Here is a list of what is covered in the "Rise of Rome" supplement, the Late Republican Roman list is where you will find the Marius/Caesar style of Romans:
Mid-Republican Roman Allies
LATE REPUBLICAN ROMAN
Late Republican Roman Allies
Bruttian or Lucanian Allies
Late Campanian Allies
Ancient Spanish Allies
Attalid Pergamene Allies
NUMIDIAN OR EARLY MOORISH
Numidian or Early Moorish Allies
SPARTACUS SLAVE REVOLT
Early Armenian Allies
Parthian or Media Atropatene Allies
Adiabene, Edessan or Hatran Allies
Early Arab Allies
Later Skythian or Saka Allies
Later Jewish Allies
I bought my copy of the rules this past weekend at the "Cold Wars" convention in Lancaster, Pennsylvania. I finished reading through the rules yesterday. I think the one biggest difference I have noticed so far is how these rules treat barbarian warbands. In many other ancient warfare rules if a warband beats you in close combat in the same turn in which it charged you, you are automatically (for the most part) broken. In these rules warbands are classified as "Impact Foot," which is perfectly fine, but wait, Roman Legionary infantry is classified as "Impact Foot" too! The logic being that a Roman unit is always going to counter-charge behind a volley of pilums so the "impacts" get canceled out. Which ever side loses still suffers a die roll penalty for losing to "Impact Foot" when it has to take its "Cohesion" test (kind of like morale/disruption combined), but it certainly isn't an automatic break and the charging warband could just as easily suffer the same penalty as the counter-charging Romans if the Romans were to win the combat. Interesting idea. I think I like that!
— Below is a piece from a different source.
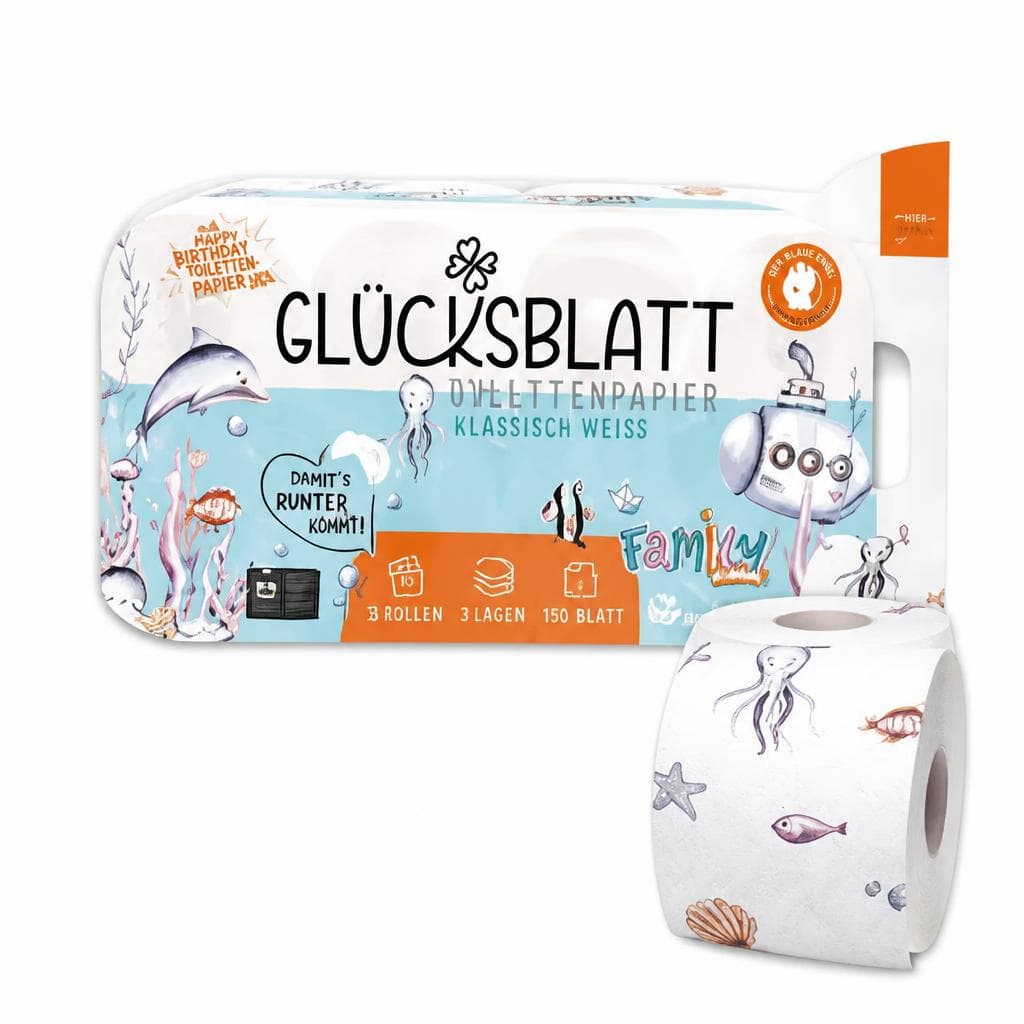 Glücksblatt Toilettenpapier, 16 Rollen, 3-lagig, je 16x150 Blatt – Norma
These rules and the supplements allow for a very broad range of options for army composition and size, so you can start out small or keep it small if you like. If I get time I might set a small experimental game this weekend and start teaching myself how to use the rules.
From what I gather, "Field of Glory" is already developing a pretty strong following. The book has only been available for purchase since February 7th and already there are tournaments springing up in the UK and even in the US. There was a small tourney at the "Cold Wars" con in Lancaster, PA this past weekend, and the Yahoo discussion group already has 647 members as of today! It will interesting to see where all this goes. We could actually have a widely popular set of ancient warfare rules here that does not feel like a glorified "dungeons and dragons," and developed by people who actually know how to express complex concepts through the medium of writing.